[The Professor by (AKA Charlotte Bronte) Currer Bell]@TWC D-Link bookThe Professor CHAPTER XXV 5/29
We possessed, too, by this time, an extensive and eligible connection, in the sense advantageous to our business; for, though our circle of visiting acquaintance continued as limited as ever, we were now widely known in schools and families as teachers.
When Frances had developed her plan, she intimated, in some closing sentences, her hopes for the future.
If we only had good health and tolerable success, me might, she was sure, in time realize an independency; and that, perhaps, before we were too old to enjoy it; then both she and I would rest; and what was to hinder us from going to live in England? England was still her Promised Land. I put no obstacle in her way; raised no objection; I knew she was not one who could live quiescent and inactive, or even comparatively inactive.

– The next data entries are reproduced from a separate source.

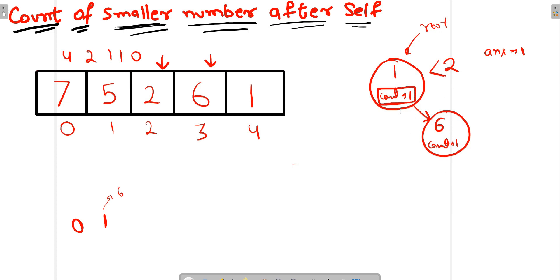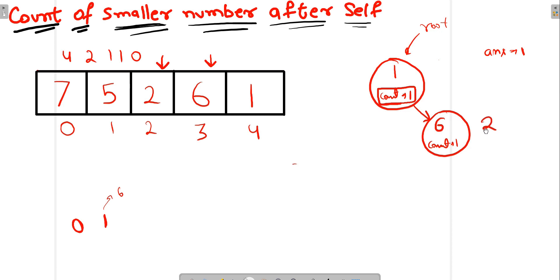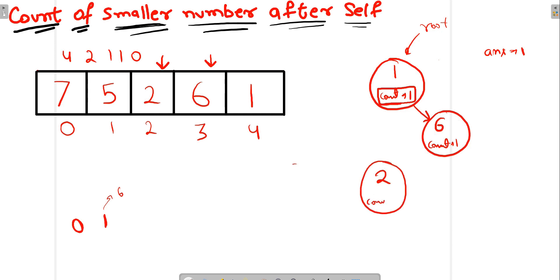Since node 6 is already the right child of node 1, we compare 2 with node 6. Node 6 replies: I am greater than you. So node 2 should come to the left side of node 6. We create node 2 there with count = 1. One more thing: we need to update the count of node 6 by 1, making it 2, because we found one more node lesser than 6, which is node 2.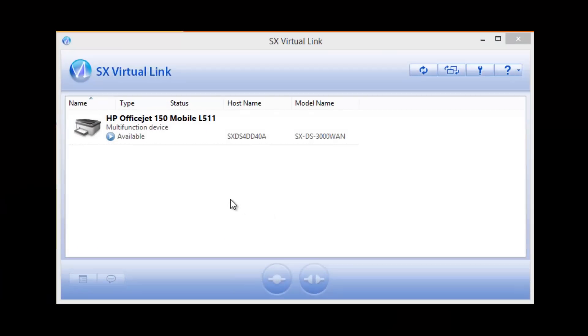This is our SX Virtual Link software. It allows you to easily discover, connect, and disconnect from devices.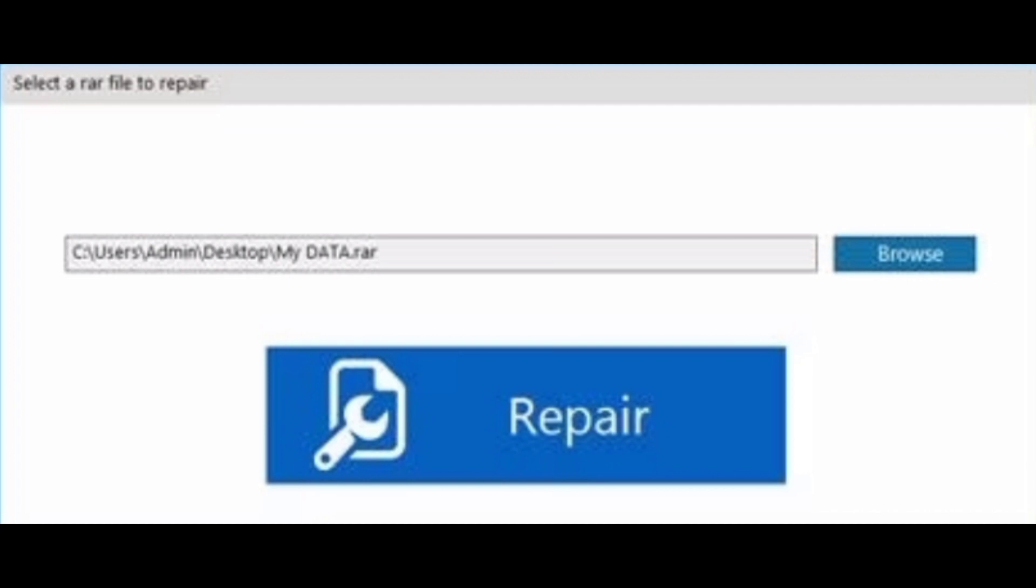Then, run the software and follow the below steps. Browse and select the error-causing RAR file and click on Repair option to start the fixing process.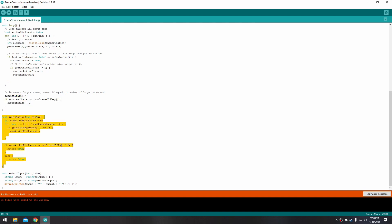Next is the isPinActive function, which takes in the number of a pin. Because the sync is not always going to be one or active, we look inside those 30 pin states we've stored and see if there are more one or active states than zero or off states. If there are more active states than not active states, we return true, otherwise return false. And lastly is the switchInput function, which sends a serial command to the Xtron to bind the currently active input to that Xtron output.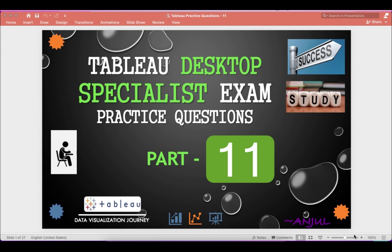Hi everyone, this is Angel Partag and welcome to my channel. Today in this video we will go through a few more practice questions on the Tableau Desktop Specialist exam. So let's start the video.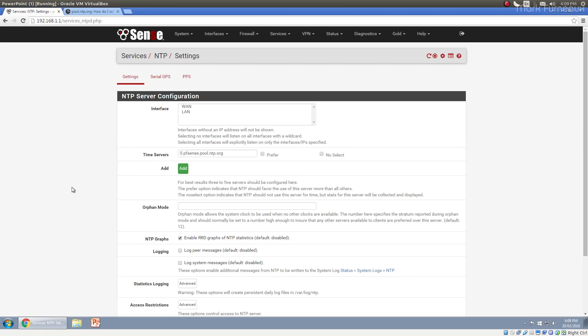So the absolute accuracy may go down, but what will improve is the time synchronicity between all the devices on your network, because they're all using your local network to get the time from one time server. They're all going to be generally more in sync with each other, which in my situation is actually more desirable. I care more that all of my servers have the same time with reference to themselves than they do with actual time referenced to what the actual time is now.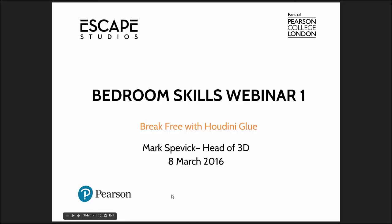Hi, good afternoon guys and girls and welcome to Escape Studios webinar on Bedroom Skills with me, Mark Spevick, the Head of 3D. And today's Bedroom Skills, we're going to be talking about how to break free with Houdini's glue, as you can see here on the slide.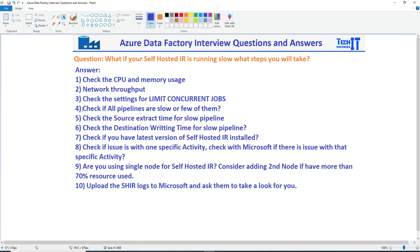Number four: check if all pipelines are slow or just a few of them. If all pipelines are slow, that indicates a problem with the node — CPU, memory, or network. But if only certain pipelines are taking more time than others, the problem could be number five or six: check the source extract time for the slow pipeline, or check the destination write time for the slow pipeline.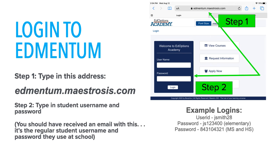You will then be at the Edmentum login screen. Type in the student username and password. You should have received an email with this information. If not, it's the regular student username and password they normally use at school. If you are unsure of the username and password, you may call eLearning Tech Support at 765-832-5300 for assistance. Some example logins are shown on this slide.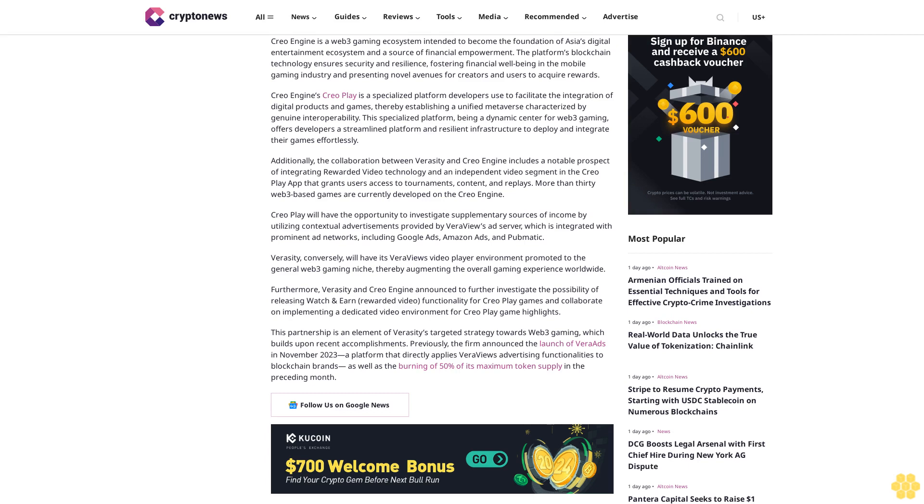This partnership is an element of Veracity's targeted strategy towards Web3 gaming, which builds upon recent accomplishments. Previously, the firm announced the launch of Vera Ads in November 2023, a platform that directly applies VeraView's advertising functionalities to blockchain brands, as well as the burning of 50% of its maximum token supply in the preceding month.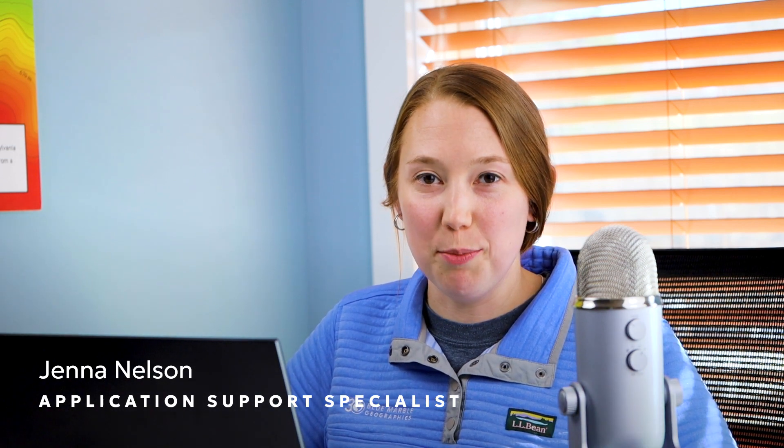Hello, I'm Jenna Nelson, an application specialist here at Blue Marble Geographics, and today I'll be showing you how to rectify your point cloud data to your ground control points in Global Mapper.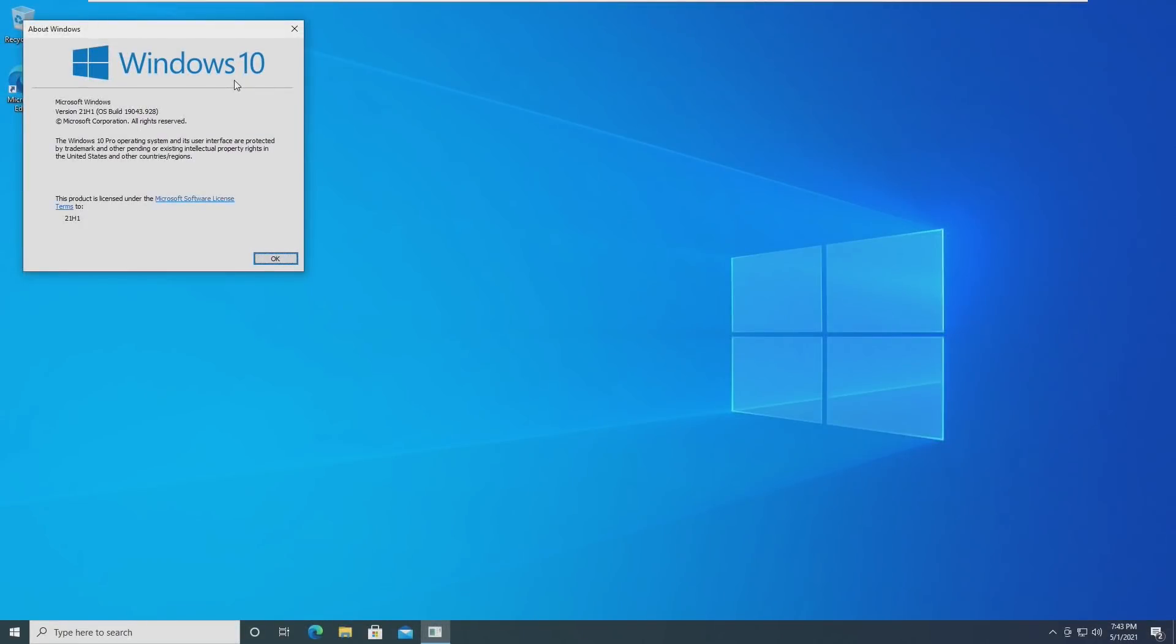Hey guys, it's Bub here, and in this video we're going to be taking a first look at Windows 10 version 21H1.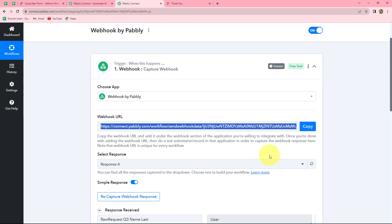JotForm was just an example. Basically, webhook by Pabbly is used to connect applications with Pabbly Connect that do not have any native integration. Those were all three types of webhooks in Pabbly Connect. I hope by now you understand what webhooks are, how many types we have in Pabbly Connect, and how we use webhooks to connect different applications.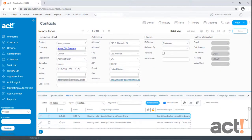When using ACT-CRM, you'll notice that it includes several default layouts for the contact, company, groups, and opportunity views.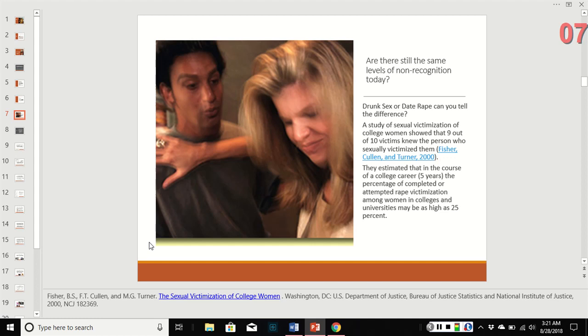What do people think today — is there still this kind of blindness? There's a big debate on whether you can consent when intoxicated, whether it's just drunk sex or date rape. A study of sexual victimization of college women showed that nine out of ten victims knew the person who victimized them. They estimated that over a college career of about five years, the percentage of completed or attempted rape among college women is still as high as 25% — that's one in four college-age women, the most likely group to be victimized.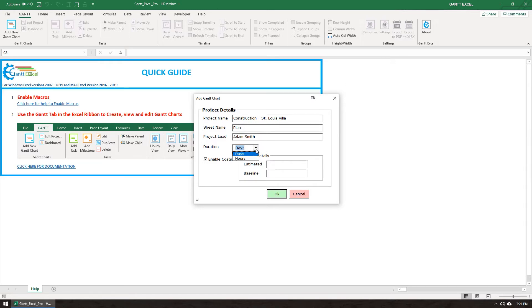Select the base duration, days or hours. You can select days if you are setting the task duration in days or select hours if you are setting the task duration in hours.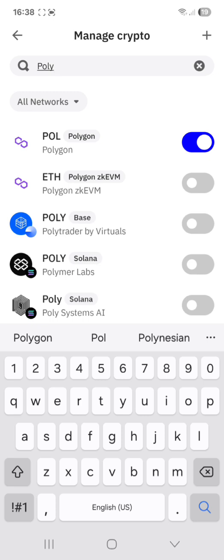We are not using Polygon with Ethereum. We can use Polygon Matic or Polygon Ecosystem. This is the Polygon that you want on the Polygon network.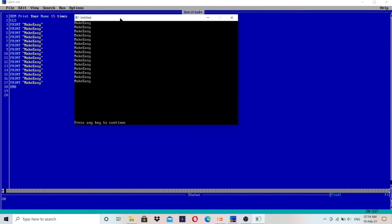Now as you can see, we are on the laptop screen. The program is to print your name 15 times. We have written 'print make easy' 15 times and it is printed in the output screen. But the problem is if the question asks you to print your name a hundred times, you'd have to write it a hundred times. If it asks for a thousand times, it will take more than one or two hours. For this problem, the solution is using the while loop.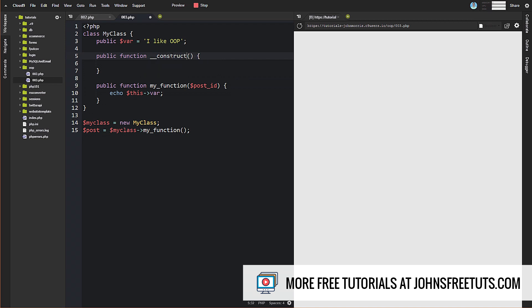But now there's an actual constructor method that you want to use. And I think at this point, if you use the name of the class, for a while there both would work—this constructor method and the function with the same name as the class. I don't think the function with the same name of the class even works anymore. And regardless, you want to use this construct method here.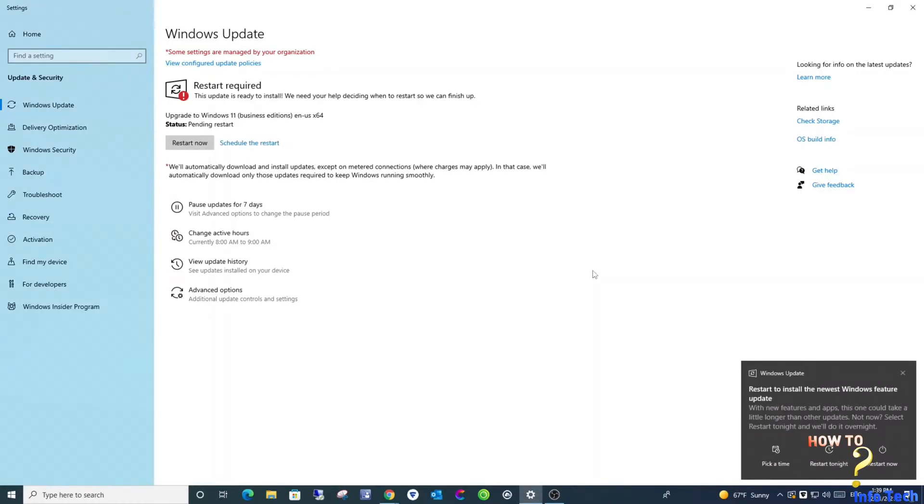After installation, the device will ask you to restart to finalize the upgrade. Click restart.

Duties she must have to fulfil, and important duties; work to do--and exciting, absorbing, profitable work; strong faculties stirred in her frame, and they demanded full nourishment, free exercise: mine was not the hand ever to starve or cramp them; no, I delighted in offering them sustenance, and in clearing them wider space for action. "You have conceived a plan, Frances," said I, "and a good plan; execute it; you have my free consent, and wherever and whenever my assistance is wanted, ask and you shall have." Frances' eyes thanked me almost with tears; just a sparkle or two, soon brushed away; she possessed herself of my hand too, and held it for some time very close clasped in both her own, but she said no more than "Thank you, monsieur." We passed a divine day, and came home late, lighted by a full summer moon. Ten years rushed now upon me with dusty, vibrating, unresting wings; years of bustle, action, unslacked endeavour; years in which I and my wife, having launched ourselves in the full career of progress, as progress whirls on in European capitals, scarcely knew repose, were strangers to amusement, never thought of indulgence, and yet, as our course ran side by side, as we marched hand in hand, we neither murmured, repented, nor faltered.
Hope indeed cheered us; health kept us up; harmony of thought and deed smoothed many difficulties, and finally, success bestowed every now and then encouraging reward on diligence.